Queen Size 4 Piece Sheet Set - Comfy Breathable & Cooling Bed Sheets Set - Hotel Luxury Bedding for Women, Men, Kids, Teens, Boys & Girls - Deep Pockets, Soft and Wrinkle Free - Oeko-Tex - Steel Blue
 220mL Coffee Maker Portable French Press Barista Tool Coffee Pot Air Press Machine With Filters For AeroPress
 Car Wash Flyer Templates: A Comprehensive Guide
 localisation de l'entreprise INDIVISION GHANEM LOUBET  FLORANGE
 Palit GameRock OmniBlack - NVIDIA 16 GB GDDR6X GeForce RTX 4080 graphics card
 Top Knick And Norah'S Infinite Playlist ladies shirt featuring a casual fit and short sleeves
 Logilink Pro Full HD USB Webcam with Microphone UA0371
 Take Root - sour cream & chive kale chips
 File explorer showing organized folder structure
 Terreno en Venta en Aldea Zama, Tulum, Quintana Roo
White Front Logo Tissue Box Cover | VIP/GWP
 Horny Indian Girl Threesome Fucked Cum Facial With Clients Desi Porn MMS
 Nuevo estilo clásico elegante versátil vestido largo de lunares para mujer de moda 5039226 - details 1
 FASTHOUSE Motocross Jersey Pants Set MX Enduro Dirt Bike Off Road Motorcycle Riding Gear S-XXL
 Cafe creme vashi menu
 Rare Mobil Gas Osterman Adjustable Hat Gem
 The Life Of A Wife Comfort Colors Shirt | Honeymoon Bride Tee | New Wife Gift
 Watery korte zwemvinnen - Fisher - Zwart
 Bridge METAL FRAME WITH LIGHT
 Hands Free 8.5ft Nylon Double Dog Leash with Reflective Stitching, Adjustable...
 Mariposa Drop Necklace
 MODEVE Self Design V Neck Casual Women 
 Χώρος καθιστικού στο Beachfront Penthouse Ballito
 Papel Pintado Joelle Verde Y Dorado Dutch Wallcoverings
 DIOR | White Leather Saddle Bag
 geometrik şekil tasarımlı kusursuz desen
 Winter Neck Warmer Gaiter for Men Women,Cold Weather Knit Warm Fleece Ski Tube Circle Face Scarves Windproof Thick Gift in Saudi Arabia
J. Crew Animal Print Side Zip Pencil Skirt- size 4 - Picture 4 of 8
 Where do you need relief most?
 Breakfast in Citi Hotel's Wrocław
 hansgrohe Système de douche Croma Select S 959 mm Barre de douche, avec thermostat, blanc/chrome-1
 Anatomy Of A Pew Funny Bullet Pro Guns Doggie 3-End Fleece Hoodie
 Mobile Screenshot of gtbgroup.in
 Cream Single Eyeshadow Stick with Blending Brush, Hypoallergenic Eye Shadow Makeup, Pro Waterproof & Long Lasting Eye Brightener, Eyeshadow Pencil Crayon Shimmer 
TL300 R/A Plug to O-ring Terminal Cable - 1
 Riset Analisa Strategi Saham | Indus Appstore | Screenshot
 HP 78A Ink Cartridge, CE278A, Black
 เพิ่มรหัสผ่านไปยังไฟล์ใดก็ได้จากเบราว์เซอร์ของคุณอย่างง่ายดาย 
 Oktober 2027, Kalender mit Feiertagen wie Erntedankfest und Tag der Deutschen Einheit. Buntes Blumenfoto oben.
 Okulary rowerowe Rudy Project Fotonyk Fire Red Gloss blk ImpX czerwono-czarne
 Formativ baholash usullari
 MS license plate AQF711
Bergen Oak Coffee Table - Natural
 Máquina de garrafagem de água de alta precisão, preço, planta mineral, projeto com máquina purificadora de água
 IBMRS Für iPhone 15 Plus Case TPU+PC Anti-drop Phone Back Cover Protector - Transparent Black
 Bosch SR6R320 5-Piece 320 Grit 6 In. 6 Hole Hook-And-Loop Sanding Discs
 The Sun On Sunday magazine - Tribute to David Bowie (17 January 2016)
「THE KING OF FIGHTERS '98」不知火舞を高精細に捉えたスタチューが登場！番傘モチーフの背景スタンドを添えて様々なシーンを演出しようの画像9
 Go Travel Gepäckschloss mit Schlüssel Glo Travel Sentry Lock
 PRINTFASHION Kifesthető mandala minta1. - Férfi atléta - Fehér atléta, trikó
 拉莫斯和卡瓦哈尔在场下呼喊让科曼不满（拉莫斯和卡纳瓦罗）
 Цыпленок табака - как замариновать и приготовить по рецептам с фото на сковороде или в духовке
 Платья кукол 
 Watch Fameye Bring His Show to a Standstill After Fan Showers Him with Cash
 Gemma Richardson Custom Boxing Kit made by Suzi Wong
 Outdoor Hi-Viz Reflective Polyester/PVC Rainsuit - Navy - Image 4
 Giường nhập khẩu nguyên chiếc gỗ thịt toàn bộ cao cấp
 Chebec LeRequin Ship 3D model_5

> Directions: Give again exactly, and only, the lines above starting at the one with "Cafe creme vashi menu" and ending at the one with "Χώρος καθιστικού στο".

> Solution:
 Cafe creme vashi menu
 Rare Mobil Gas Osterman Adjustable Hat Gem
 The Life Of A Wife Comfort Colors Shirt | Honeymoon Bride Tee | New Wife Gift
 Watery korte zwemvinnen - Fisher - Zwart
 Bridge METAL FRAME WITH LIGHT
 Hands Free 8.5ft Nylon Double Dog Leash with Reflective Stitching, Adjustable...
 Mariposa Drop Necklace
 MODEVE Self Design V Neck Casual Women 
 Χώρος καθιστικού στο Beachfront Penthouse Ballito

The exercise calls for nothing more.